How we made a Ruby method 200x faster

(campsite.com)

42 points | by nholden 5 days ago ago

37 comments

  • chikere232 4 hours ago

    The title kinda glossed over the fact that they started out with working, fast code, and then broke it. Sure, their fix was faster than their most broken version, but it's less impressive than starting with slow code and improving it.

    • bastawhiz an hour ago

      They said they made the change because the code was starting to become hard to maintain.

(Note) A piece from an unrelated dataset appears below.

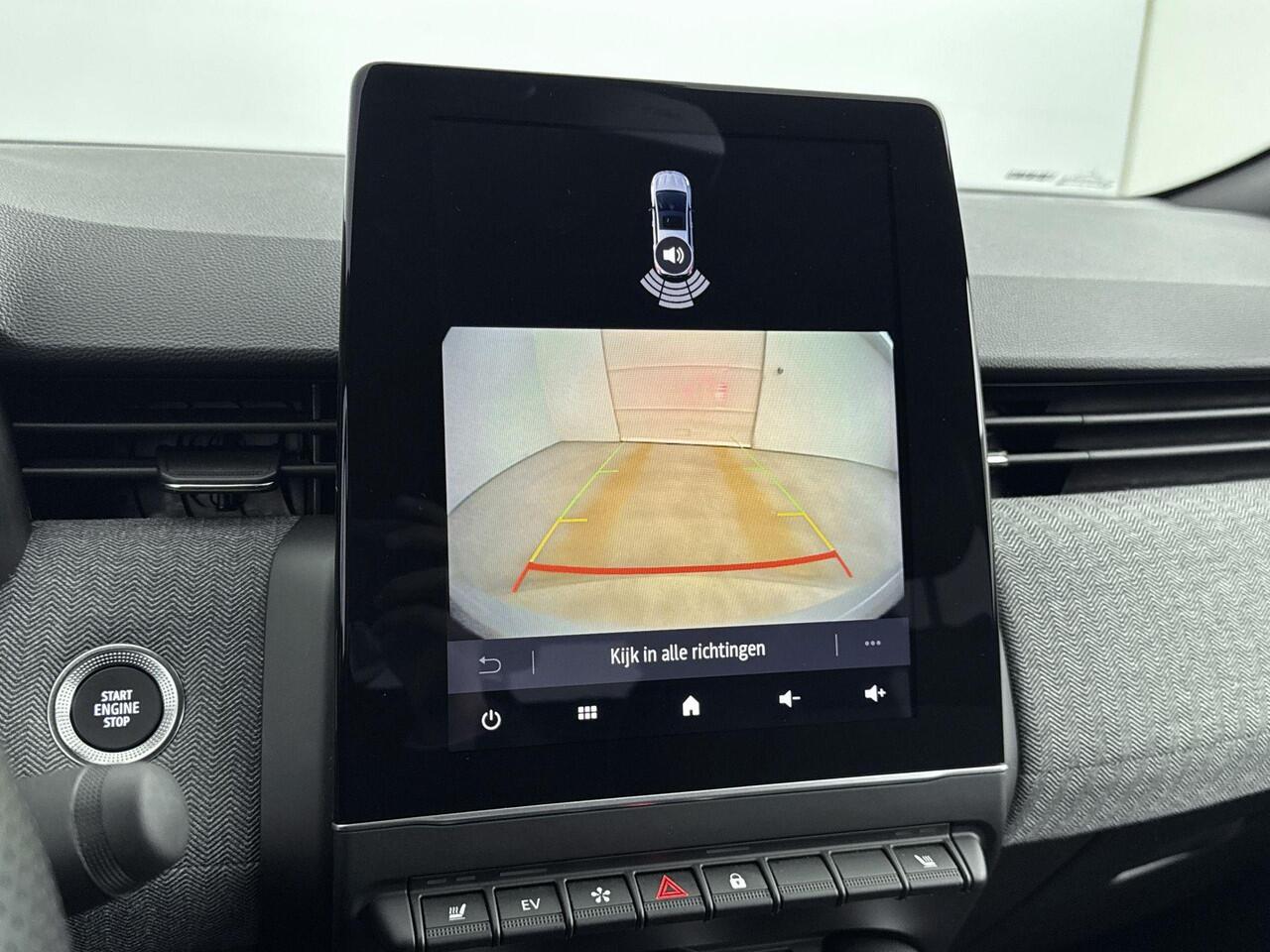 Renault CLIO 1.6 E-Tech Full Hybrid 145 techno | Achteruitrijcamera | Apple Carplay/Android Auto | Climate Control | Cruise Control | Draadloze Oplader | Keyless | Parkeersensoren Voor | Stoel- en Stuurverwarming |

That's not a terrible reason for refactoring.

      • notjoemama 28 minutes ago

        I think they were referring to the degree of speed up.

        • bastawhiz 8 minutes ago

          The degree of speedup is the refactored code being fixed to not be slow.

  • cluckindan 4 hours ago

    This should have been obvious before the fact to anyone who understands how CSS selectors work in browsers.

    As in, they are matched right-to-left, which implies that a selector like ”p a” first selects all the <a> nodes, and for each of them, it then traverses up the DOM tree until it encounters a <p> node (selector matches) or the root node (selector doesn’t match).

    That said, the traversing shouldn’t happen for plain tag selectors like ”h1”. There must be something wrong with the library they used.

    • rco8786 3 hours ago

      > This should have been obvious before the fact to anyone who understands how CSS selectors work in browsers.

      For sure, but that's somewhat reductive. This is not exactly common knowledge. Certainly not something you would expect any given engineer to have immediately jump to mind.

    • the_other 3 hours ago

      Is that really how it works in browsers and other rendering engines?

      Intuition suggests to me that it wouldn’t start with CSS and then find all the matching DOM nodes. I would expect it started at each DOM node and then found the CSS rules which might apply.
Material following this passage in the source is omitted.